__BRIEF__: Please repeat, exactly as written, every line from the one containing "Friendship Is The" through the last line of the records, both included, and leave out any pictures.

__PROVIDED INFORMATION__:
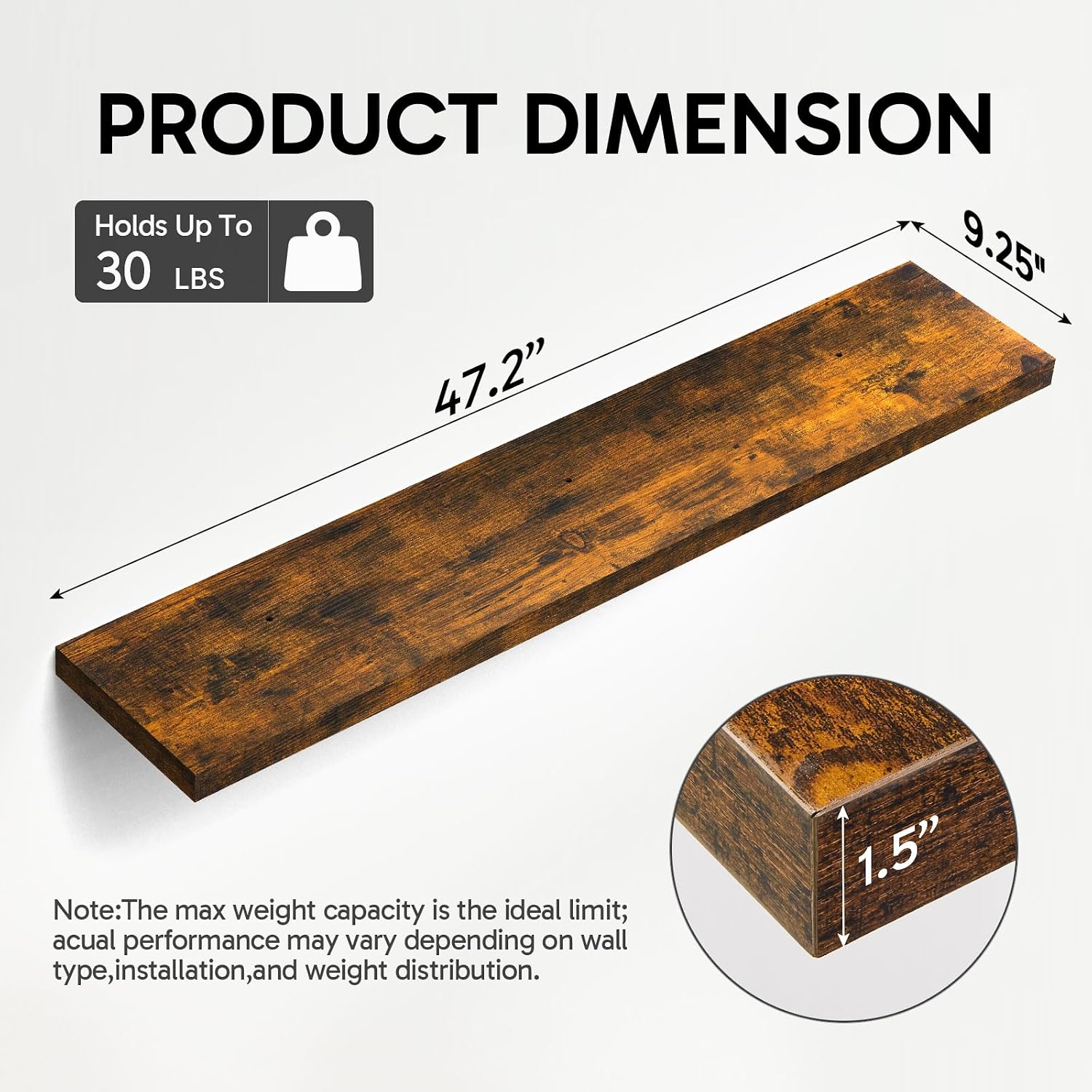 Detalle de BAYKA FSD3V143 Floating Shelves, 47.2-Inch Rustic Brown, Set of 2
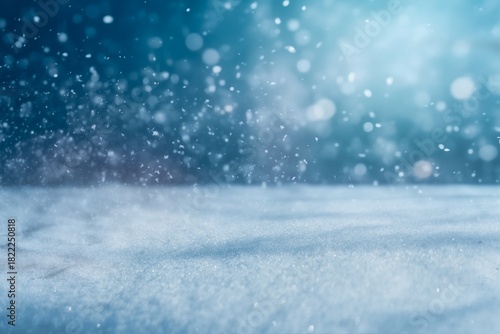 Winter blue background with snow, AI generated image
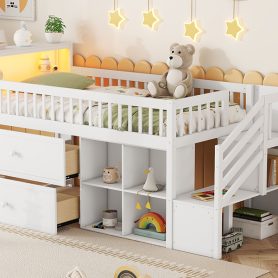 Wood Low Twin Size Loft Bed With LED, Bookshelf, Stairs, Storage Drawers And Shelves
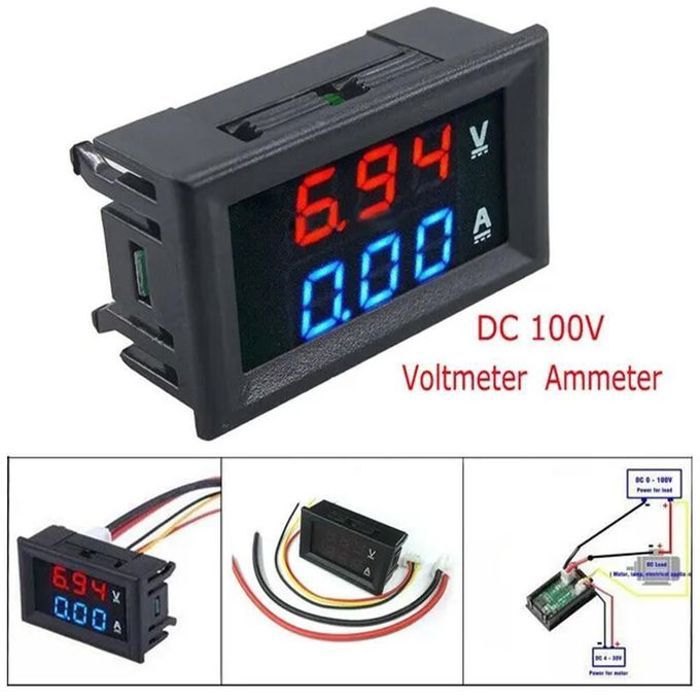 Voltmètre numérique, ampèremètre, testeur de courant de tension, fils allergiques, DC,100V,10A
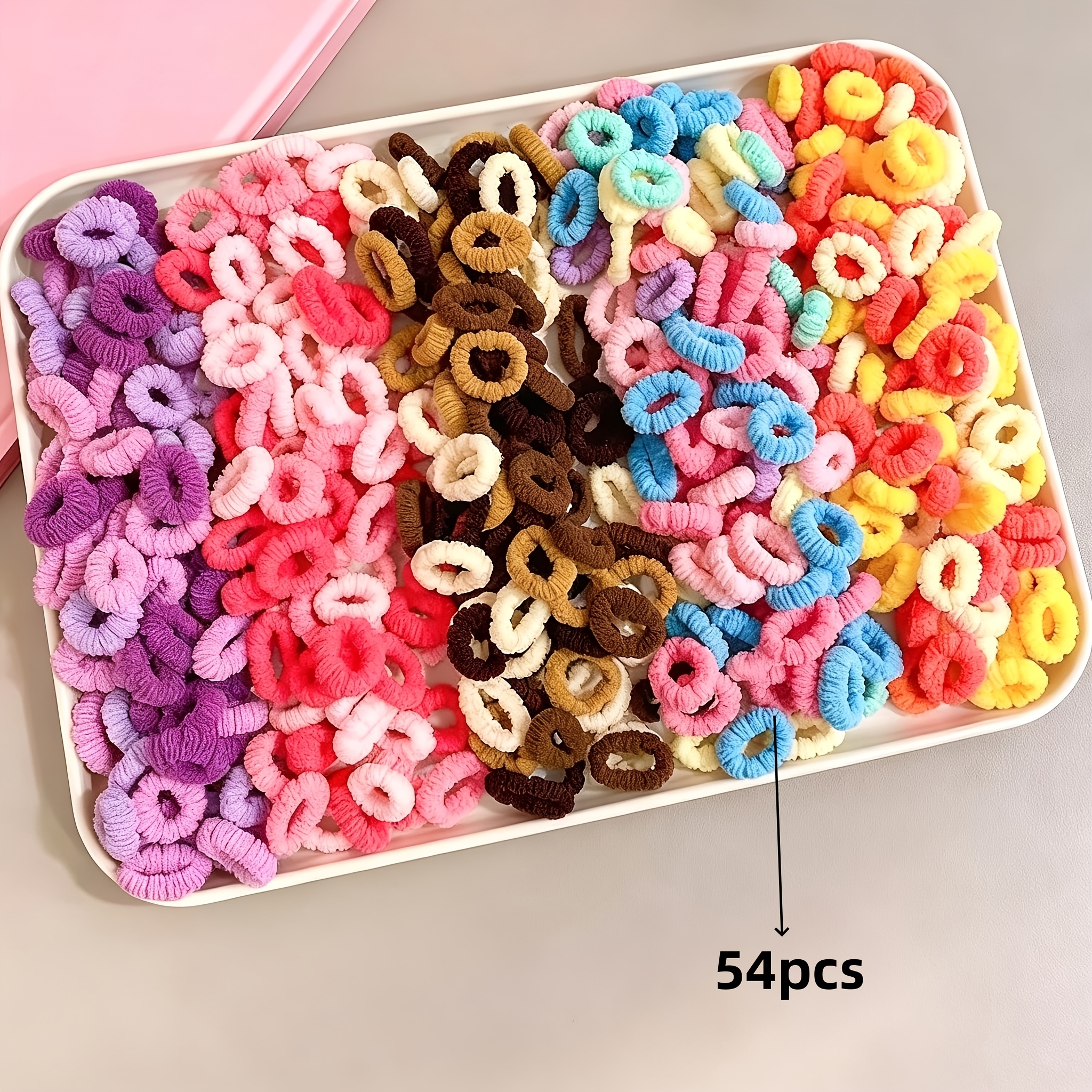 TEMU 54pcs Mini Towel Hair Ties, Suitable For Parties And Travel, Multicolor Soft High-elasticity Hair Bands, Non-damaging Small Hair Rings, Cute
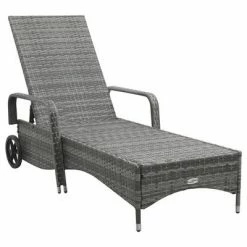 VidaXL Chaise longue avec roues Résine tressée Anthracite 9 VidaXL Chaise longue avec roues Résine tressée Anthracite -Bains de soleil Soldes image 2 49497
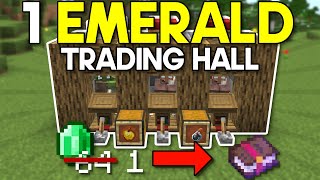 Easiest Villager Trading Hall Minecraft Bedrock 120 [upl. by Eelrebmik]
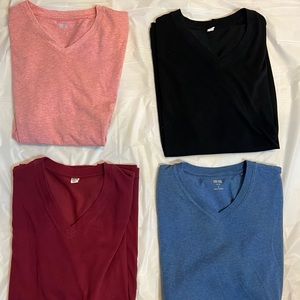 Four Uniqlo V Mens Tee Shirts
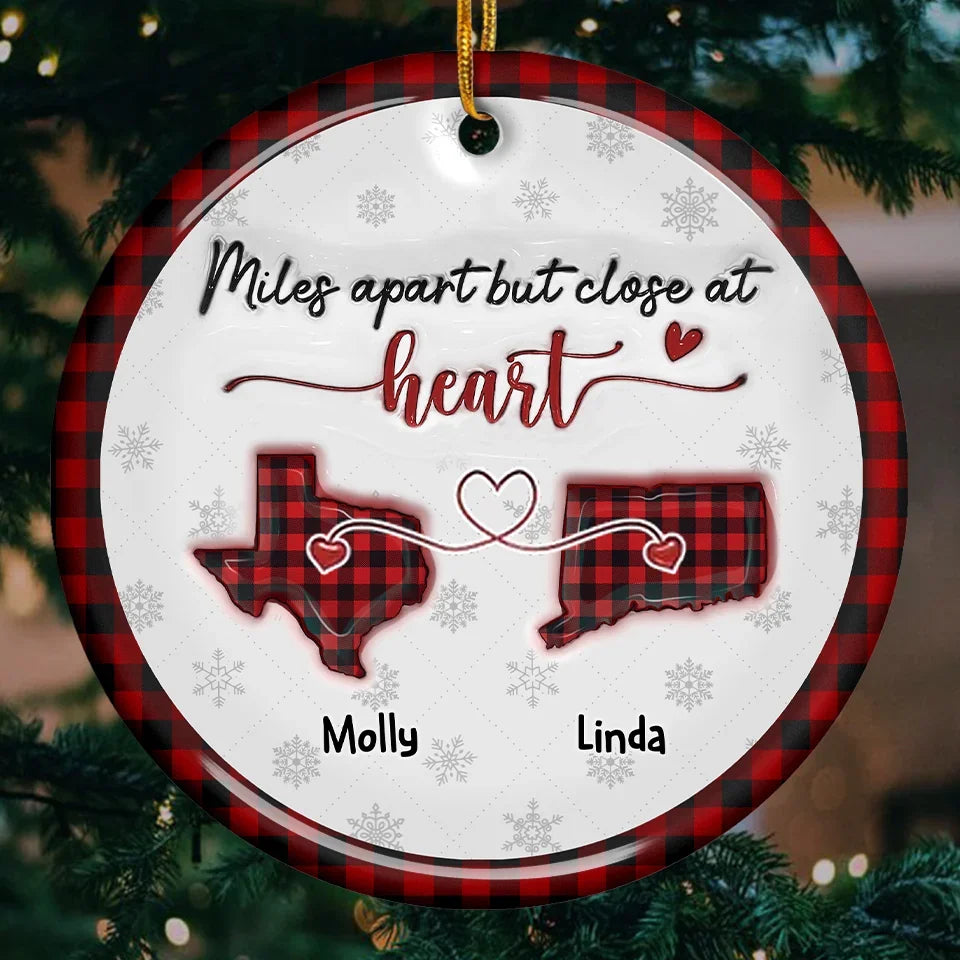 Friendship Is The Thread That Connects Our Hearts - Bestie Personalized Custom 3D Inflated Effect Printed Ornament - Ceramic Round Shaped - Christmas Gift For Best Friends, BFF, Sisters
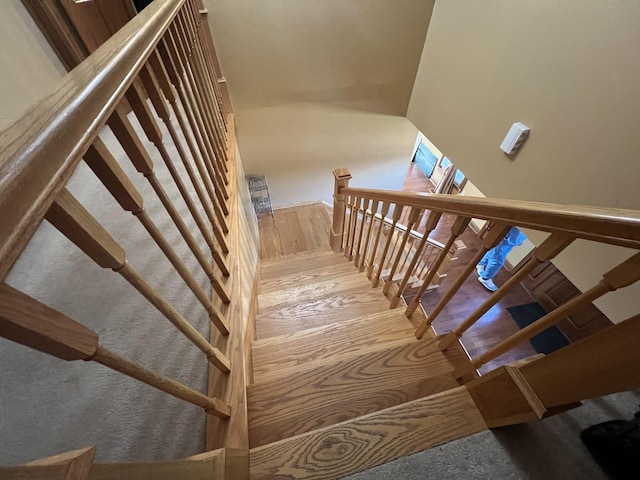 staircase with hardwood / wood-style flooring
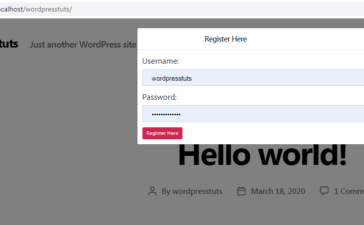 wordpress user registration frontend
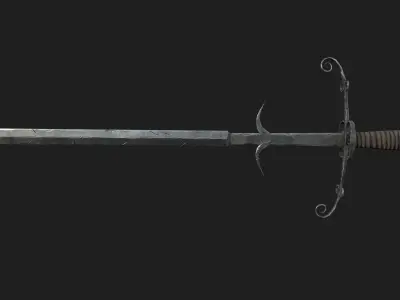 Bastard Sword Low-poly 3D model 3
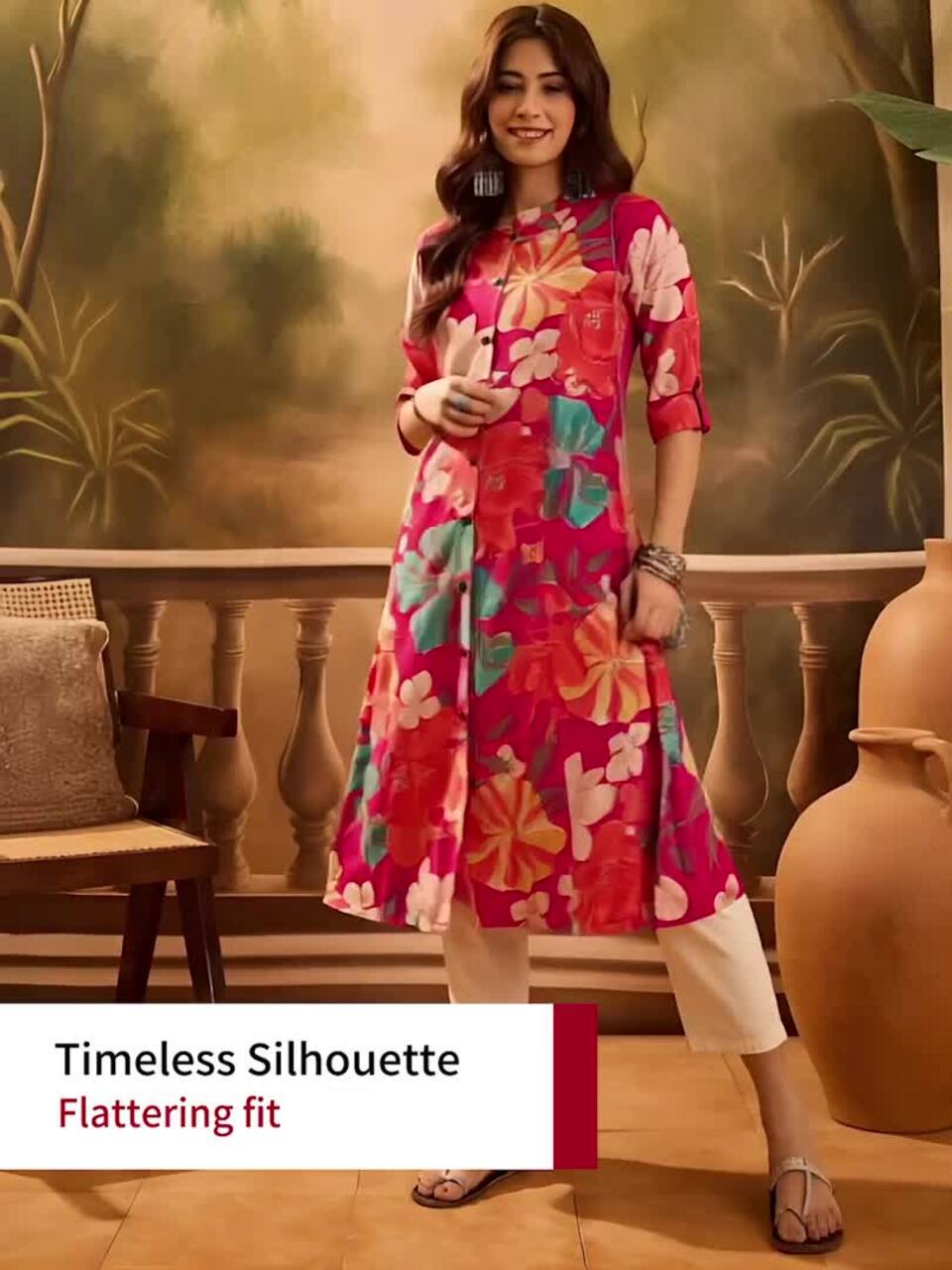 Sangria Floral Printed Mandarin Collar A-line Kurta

__PROBLEM SOLUTION__:
 Friendship Is The Thread That Connects Our Hearts - Bestie Personalized Custom 3D Inflated Effect Printed Ornament - Ceramic Round Shaped - Christmas Gift For Best Friends, BFF, Sisters
 staircase with hardwood / wood-style flooring
 wordpress user registration frontend
 Bastard Sword Low-poly 3D model 3
 Sangria Floral Printed Mandarin Collar A-line Kurta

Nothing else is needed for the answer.